Any exceptions for the Chief Executive Officer of Epiq must be reported to the Board and written approval for continuation must be obtained. 
  

	1.	Revealing confidential information to outsiders or misusing confidential information. Unauthorized divulging of information is a violation of this policy whether
or not for personal gain and whether or not harm to the Company is intended. 

  

	2.	Accepting or offering substantial gifts, excessive entertainment, favors or payments which may be deemed to constitute undue influence or otherwise be improper
or embarrassing to Epiq. 

  

	3.	Participating in civic or professional organizations that might involve divulging confidential information of Epiq. 

 

	4.	Initiating or approving personnel actions affecting reward or punishment of employees or applicants where there is a family relationship or is or appears to be a
personal or social involvement. 

  

	5.	Initiating or approving any form of personal or social harassment of employees. 

 

	6.	Investing or holding outside directorship in suppliers, customers, or competing companies, including financial speculations, where such investment or
directorship might influence in any manner a decision or course of action of Epiq. 

  

	7.	Borrowing from or lending to employees, customers or suppliers. 

  

	8.	Acquiring real estate of interest to Epiq. 

  

	9.	Improperly using or disclosing to Epiq any proprietary information or trade secrets of any former or concurrent employer or other person or entity with whom
obligations of confidentiality exist. 

  

	10.	Unlawfully discussing prices, costs, customers, sales or markets with competing companies or their employees. 

 

	11.	Making any unlawful agreement with distributors with respect to prices. 
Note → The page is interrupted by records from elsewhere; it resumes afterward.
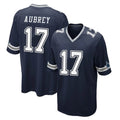 D.Cowboys #17 Brandon Aubrey Player Navy Home Game Ndoa Stitched Jerseys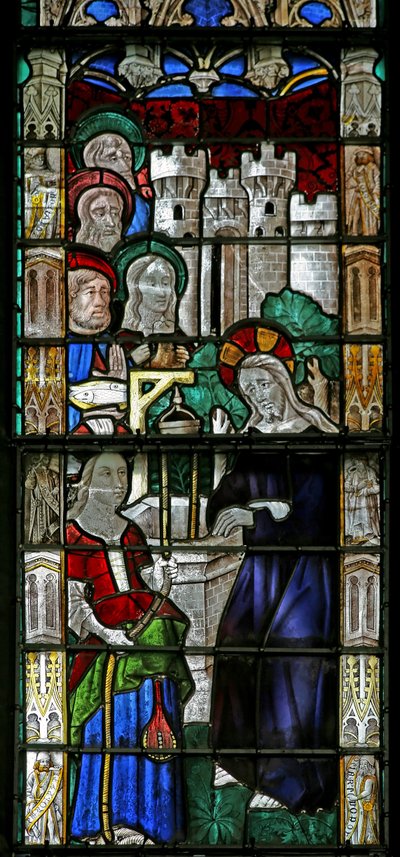 Cristo y la mujer samaritana de French School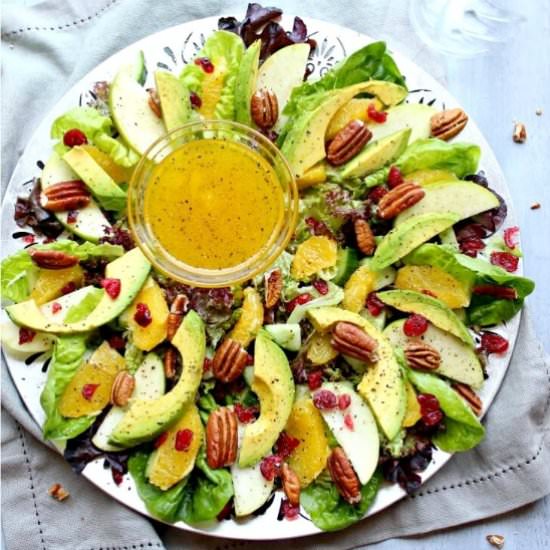 Pecan Cranberry & Avocado Salad - Recipe photo by berry sweet life
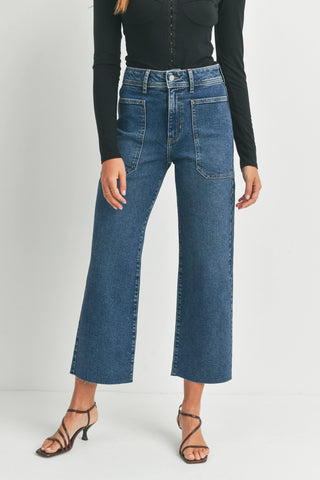 High Rise Utility Wide Leg Jean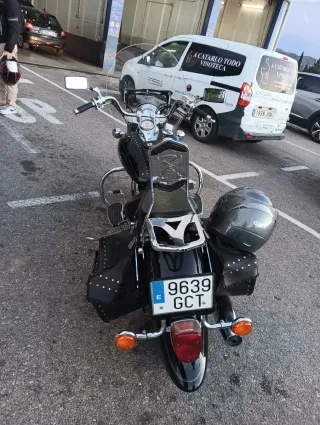 Yamaha Dragstar 650 Custom Negra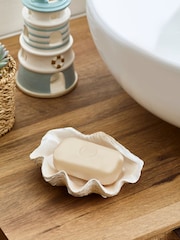 Natural Seashell Soap Storage Dish - Image 1 of 4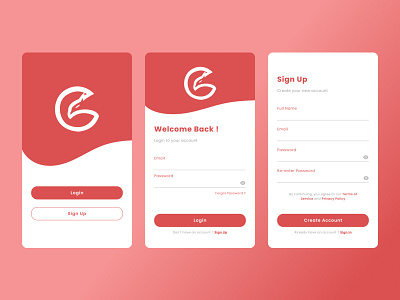 UI Design Login Page (Android)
	12.	Improperly using or authorizing the use of any inventions which are the subject of patent claims of any other person or entity. 

 

	13.	Engaging in any conduct which is not in the best interests of Epiq. 

 Each officer, employee and independent contractor must take every necessary action to ensure compliance with these guidelines and to bring problem areas to the attention of higher management for review.
Violations of this conflict of interest policy may result in disciplinary action up to and including immediate discharge.